The proxy states elsewhere that the company requires Ralph “to use a private aircraft for security purposes for any travel.” Lauren has his own plane, and apparently when he’s not using it, other executives sometimes fly on it for company business; that led to the company writing a check to Ralph for $117,631 – based on market rates – for the use of his plane.

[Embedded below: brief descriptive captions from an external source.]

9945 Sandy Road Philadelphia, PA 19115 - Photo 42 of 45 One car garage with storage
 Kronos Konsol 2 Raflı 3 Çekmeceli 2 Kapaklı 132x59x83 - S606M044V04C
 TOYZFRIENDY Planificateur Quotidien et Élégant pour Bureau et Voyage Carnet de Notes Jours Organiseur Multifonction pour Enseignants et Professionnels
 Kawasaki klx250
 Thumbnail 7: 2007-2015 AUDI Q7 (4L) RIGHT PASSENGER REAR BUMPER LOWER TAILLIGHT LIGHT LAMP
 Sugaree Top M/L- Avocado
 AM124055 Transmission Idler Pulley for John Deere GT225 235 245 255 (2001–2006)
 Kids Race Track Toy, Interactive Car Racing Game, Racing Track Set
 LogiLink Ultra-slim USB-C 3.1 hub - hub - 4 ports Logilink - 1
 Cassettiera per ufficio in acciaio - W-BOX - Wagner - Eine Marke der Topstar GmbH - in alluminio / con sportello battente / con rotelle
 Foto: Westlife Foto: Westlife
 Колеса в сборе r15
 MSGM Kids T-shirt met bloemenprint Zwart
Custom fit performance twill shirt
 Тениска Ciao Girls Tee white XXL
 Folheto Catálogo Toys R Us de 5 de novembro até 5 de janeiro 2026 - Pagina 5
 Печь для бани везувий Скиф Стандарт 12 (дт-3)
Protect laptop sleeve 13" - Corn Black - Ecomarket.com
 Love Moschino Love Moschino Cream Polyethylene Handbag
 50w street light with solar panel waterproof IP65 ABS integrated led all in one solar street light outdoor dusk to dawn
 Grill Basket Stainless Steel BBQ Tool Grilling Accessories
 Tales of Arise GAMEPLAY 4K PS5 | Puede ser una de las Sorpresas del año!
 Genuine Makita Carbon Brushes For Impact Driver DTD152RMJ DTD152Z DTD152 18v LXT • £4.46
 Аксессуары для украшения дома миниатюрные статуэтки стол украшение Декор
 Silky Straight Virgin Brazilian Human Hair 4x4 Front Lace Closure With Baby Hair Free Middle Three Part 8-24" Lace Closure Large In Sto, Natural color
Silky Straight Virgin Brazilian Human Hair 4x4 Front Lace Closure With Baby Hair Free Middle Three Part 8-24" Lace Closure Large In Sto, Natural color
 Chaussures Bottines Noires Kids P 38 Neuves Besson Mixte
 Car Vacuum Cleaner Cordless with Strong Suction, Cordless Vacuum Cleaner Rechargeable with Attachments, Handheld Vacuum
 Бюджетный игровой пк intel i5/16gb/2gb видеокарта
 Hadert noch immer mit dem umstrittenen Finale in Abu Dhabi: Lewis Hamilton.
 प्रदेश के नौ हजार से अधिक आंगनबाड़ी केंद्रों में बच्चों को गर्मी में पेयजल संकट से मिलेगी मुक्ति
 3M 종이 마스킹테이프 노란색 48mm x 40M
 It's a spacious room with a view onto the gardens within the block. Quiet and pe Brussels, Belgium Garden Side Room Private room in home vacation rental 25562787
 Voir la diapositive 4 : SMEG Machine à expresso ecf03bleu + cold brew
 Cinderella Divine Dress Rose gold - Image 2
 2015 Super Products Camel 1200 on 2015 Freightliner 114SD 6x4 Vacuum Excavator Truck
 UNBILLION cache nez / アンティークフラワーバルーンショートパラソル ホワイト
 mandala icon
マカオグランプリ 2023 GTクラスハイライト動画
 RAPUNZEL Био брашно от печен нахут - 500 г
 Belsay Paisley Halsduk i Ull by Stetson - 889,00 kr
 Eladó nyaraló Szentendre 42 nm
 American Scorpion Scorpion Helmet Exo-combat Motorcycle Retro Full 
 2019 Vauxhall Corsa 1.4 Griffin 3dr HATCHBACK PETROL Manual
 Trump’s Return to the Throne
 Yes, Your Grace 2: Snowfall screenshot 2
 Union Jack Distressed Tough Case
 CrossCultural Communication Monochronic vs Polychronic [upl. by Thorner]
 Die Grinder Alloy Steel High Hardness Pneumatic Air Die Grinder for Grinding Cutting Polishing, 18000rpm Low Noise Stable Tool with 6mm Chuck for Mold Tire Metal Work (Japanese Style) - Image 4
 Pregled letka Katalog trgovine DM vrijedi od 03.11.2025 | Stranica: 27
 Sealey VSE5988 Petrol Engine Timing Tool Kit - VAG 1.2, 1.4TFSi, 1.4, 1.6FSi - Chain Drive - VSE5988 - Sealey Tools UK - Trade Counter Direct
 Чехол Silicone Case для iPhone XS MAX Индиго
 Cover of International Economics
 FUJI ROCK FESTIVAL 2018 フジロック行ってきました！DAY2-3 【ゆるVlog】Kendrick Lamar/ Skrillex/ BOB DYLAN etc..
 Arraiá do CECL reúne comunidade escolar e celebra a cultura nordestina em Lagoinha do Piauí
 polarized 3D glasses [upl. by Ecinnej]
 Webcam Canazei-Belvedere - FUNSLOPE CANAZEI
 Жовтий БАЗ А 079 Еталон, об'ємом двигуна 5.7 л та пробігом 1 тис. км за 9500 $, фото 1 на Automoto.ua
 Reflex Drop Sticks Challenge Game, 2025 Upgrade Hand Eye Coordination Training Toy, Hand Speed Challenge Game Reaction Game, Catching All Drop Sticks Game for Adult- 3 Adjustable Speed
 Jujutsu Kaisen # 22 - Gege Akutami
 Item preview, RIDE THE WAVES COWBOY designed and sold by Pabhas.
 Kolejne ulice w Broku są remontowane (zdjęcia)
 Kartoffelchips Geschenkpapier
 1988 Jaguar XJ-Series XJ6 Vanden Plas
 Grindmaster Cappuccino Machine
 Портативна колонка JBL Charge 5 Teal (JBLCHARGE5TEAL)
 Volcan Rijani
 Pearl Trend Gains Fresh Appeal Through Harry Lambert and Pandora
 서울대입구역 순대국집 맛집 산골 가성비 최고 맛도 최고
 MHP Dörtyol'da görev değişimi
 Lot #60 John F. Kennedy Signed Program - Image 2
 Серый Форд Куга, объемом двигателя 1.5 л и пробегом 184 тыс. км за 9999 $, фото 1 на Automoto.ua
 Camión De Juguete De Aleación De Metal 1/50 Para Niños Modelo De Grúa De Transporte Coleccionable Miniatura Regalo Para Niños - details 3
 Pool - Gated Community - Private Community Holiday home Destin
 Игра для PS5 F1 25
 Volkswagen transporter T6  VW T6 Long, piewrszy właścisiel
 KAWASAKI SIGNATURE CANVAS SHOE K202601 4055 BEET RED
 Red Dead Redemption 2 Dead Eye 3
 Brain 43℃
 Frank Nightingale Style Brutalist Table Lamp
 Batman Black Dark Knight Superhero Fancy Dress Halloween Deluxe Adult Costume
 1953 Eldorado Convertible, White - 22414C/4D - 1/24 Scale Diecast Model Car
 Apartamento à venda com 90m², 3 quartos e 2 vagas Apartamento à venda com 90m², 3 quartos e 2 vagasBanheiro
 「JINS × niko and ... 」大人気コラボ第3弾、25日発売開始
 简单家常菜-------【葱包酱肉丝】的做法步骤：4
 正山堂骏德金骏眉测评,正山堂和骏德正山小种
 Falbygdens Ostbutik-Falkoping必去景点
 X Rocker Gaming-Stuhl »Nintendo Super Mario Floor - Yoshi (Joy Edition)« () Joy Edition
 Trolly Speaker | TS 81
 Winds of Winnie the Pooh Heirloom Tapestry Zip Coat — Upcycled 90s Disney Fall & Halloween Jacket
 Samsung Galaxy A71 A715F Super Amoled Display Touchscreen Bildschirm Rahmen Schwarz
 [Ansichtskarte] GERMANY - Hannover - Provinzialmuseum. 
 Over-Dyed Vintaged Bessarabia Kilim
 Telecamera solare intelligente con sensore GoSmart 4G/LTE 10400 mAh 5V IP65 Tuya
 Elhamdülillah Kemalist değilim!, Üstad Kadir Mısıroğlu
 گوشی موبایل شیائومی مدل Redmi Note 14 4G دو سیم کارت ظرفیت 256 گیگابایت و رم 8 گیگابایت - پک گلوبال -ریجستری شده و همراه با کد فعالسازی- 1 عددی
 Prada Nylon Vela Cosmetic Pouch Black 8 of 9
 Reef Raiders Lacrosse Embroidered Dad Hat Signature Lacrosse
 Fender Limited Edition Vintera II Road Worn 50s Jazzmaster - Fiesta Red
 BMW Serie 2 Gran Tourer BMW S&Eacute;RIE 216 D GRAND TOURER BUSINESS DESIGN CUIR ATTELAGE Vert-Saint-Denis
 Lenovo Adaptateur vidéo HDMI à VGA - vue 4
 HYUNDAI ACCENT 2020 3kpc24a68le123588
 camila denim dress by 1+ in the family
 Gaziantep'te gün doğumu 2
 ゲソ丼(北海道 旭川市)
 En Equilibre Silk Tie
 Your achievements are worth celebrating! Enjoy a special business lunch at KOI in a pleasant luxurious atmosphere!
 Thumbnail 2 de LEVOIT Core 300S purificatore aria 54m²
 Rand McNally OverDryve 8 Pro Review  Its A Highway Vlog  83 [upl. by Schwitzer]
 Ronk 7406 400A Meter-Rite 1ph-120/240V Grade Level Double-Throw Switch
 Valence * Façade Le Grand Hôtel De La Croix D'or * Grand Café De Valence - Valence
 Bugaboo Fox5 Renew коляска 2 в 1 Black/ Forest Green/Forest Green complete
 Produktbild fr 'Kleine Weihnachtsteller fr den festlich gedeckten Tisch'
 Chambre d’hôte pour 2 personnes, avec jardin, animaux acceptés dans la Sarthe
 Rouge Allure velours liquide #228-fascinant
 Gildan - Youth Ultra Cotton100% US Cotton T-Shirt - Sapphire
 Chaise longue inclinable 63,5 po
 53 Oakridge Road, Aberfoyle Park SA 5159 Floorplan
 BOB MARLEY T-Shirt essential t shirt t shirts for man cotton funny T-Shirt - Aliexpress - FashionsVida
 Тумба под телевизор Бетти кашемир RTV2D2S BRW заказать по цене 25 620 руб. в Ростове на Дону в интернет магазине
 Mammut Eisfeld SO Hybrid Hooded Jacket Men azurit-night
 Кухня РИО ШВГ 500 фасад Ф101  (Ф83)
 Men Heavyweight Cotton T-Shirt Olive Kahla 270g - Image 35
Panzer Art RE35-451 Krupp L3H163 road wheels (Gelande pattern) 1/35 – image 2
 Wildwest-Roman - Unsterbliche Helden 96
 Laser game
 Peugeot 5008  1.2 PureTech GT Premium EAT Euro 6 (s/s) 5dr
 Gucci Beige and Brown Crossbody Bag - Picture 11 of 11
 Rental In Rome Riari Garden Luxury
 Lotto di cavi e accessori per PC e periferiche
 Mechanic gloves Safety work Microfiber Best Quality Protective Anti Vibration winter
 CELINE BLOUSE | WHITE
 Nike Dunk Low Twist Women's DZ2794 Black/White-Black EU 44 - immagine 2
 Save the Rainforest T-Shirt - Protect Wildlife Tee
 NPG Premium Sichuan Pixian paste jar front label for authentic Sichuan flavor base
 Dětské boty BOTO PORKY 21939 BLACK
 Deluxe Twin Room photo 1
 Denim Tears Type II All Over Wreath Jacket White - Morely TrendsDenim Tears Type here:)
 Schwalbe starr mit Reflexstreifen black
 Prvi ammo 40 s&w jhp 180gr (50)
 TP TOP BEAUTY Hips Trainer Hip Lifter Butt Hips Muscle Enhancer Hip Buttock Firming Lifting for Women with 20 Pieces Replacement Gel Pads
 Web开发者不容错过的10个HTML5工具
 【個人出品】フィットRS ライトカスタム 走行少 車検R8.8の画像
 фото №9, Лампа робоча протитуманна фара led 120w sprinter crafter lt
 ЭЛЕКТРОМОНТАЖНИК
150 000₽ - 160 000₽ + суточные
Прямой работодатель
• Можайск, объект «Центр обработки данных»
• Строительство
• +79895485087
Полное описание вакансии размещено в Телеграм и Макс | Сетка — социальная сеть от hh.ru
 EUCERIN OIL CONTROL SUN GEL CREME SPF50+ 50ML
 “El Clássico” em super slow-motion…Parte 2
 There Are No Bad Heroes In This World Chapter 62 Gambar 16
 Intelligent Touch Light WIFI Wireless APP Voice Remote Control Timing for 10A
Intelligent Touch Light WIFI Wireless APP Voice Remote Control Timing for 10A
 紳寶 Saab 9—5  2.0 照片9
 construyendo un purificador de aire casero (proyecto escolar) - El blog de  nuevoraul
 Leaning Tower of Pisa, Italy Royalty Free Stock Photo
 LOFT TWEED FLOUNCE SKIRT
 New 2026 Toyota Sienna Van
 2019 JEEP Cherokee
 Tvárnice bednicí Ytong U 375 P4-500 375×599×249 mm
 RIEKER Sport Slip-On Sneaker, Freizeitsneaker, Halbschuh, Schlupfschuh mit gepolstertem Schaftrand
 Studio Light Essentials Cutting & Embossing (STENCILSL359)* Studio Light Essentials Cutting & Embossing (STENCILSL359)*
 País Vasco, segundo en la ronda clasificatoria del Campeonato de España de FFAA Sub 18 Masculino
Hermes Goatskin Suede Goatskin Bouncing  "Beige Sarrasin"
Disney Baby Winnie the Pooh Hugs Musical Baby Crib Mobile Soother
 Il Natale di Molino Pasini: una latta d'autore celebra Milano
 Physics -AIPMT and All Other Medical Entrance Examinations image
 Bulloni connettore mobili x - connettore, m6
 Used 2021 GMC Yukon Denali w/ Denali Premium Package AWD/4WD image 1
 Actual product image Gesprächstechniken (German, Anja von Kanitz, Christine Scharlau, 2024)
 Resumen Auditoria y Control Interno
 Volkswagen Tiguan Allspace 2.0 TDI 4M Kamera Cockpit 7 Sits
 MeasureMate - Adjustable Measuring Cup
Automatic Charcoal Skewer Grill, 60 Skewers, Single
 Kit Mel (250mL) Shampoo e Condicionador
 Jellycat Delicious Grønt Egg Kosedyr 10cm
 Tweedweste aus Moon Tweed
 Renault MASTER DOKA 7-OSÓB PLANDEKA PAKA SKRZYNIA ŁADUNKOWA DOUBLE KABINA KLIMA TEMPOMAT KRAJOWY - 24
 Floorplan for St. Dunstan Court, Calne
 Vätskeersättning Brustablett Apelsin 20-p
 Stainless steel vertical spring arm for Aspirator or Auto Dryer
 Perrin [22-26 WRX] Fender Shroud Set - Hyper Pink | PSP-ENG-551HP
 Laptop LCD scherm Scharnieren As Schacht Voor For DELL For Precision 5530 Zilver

As for other related parties on the company payroll, this isn’t a new arrangement. In fact, we dug through our archives and found that in July, 2006, Michelle wrote a post which observed that Ralph’s brother (Jerome) and son (David) worked for the company, but there was no mention in that year’s proxy of how much each relative was paid.

This year’s proxy offers answers, though: For fiscal 2011, Jerome, the Executive Vice President of Menswear Design, got a base salary, bonus, and other compensation worth more than $2.155 million, plus stock awards valued at more than $391,000. The company also “…transferred a vehicle valued at $67,500 to [Jerome], for which he paid ordinary income taxes associated with such transfer.”

Meanwhile, Ralph’s son, David Lauren, the Executive Vice President of Global Advertising, Marketing and Communications, received $1.168 million in salary, bonus and other compensation, together with stock awards worth more than $391,000.

There’s no mention of the company transferring any cars to Ralph, like it did to Jerome, but – then again – a car worth a measly $68,000 probably isn’t the kind of car Ralph would waste his time on, judging by his car collection, which is currently featured in an exhibit at the MusâŸe des Arts DâŸcoratifs in Paris through August 28.